Florida Proposal Would Defend Insurers Against Time Limited Bad Faith Suits
Legislation has been proposed in the Florida Senate that would ameliorate present law with respect to the liability of insurers for failing to accept “time limited” policy limit demands.
Since the Florida Supreme Court’s ruling in Berges v. Infinity Ins. Co. 896 So.2d 665 (Fla. 2004), liability insurers have been plagued by set up claims in cases with severe injuries and relatively low limits. The signature aspect of these cases is a demand by counsel for the tort claimant soon after the accident that the insurer pay its full limits within a short period of time (e.g. 30 days) that is generally less than the insurer would ordinarily need to conduct an investigation of the claim against its insured. Failure to accept the settlement as presented has been held tantamount to a counter-offer, subject the insurer to liability far in excess of the policy limits when the plaintiff thereafter withdraws the offer of settlement and pursues the case to trial.

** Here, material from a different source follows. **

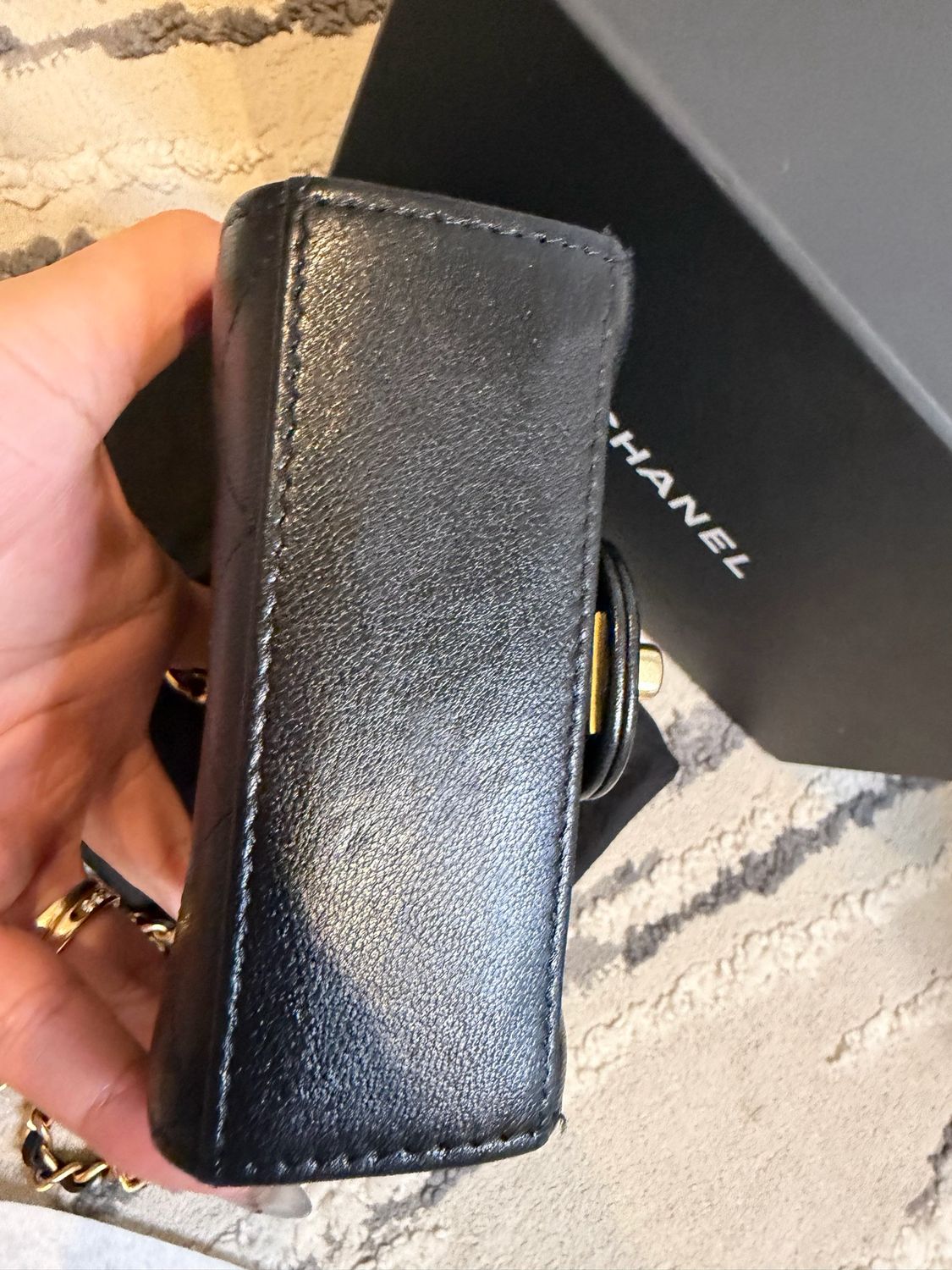 Chanel Chic Pearls Mini Goatskin Flap Bag Black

Unlike the typical “failure to settle” claim, the plaintiff does not want the insurer to accept its settlement offer. Rather, the offer is only a pretext whereby the insurer’s failure to settle can form the basis for making funds available to the plaintiff commensurate with the plaintiff’s injuries. Nevertheless, Florida courts have refused to find that this transparently deceitful practice is a basis for avoiding bad faith claims.

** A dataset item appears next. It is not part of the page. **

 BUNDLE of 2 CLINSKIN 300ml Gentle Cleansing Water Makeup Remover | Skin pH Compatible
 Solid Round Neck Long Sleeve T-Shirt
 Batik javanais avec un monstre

In contrast to current law, which only requires that insurers act promptly to effectuate settlements on behalf of their insureds, Senate Bill 1650 would amend Section 624.155 to impose a reciprocal obligation on both the insured and any third party claimant demanding payment. Such parties would be required to cooperate fully with respect to settlement.
Further, a failure by the tort claimant to cooperate would serve as a defense to any subsequent bad faith claim against the insurer for failing to settle. Additionally, the legislation would give the insurer a 90-day window after receiving a written complaint to cure its claimed violation. Additionally, the legislation provides that in cases where multiple claimants are seeking compensation under a single policy, the insurer shall not be liable for extracontractual damages if it makes a written offer of its policy limits or tenders its limit into court for apportionment to the claimants. In such cases, the legislation provides that the insurer that tenders its limits is entitled to a release from its insured if the claimant accepts the tender.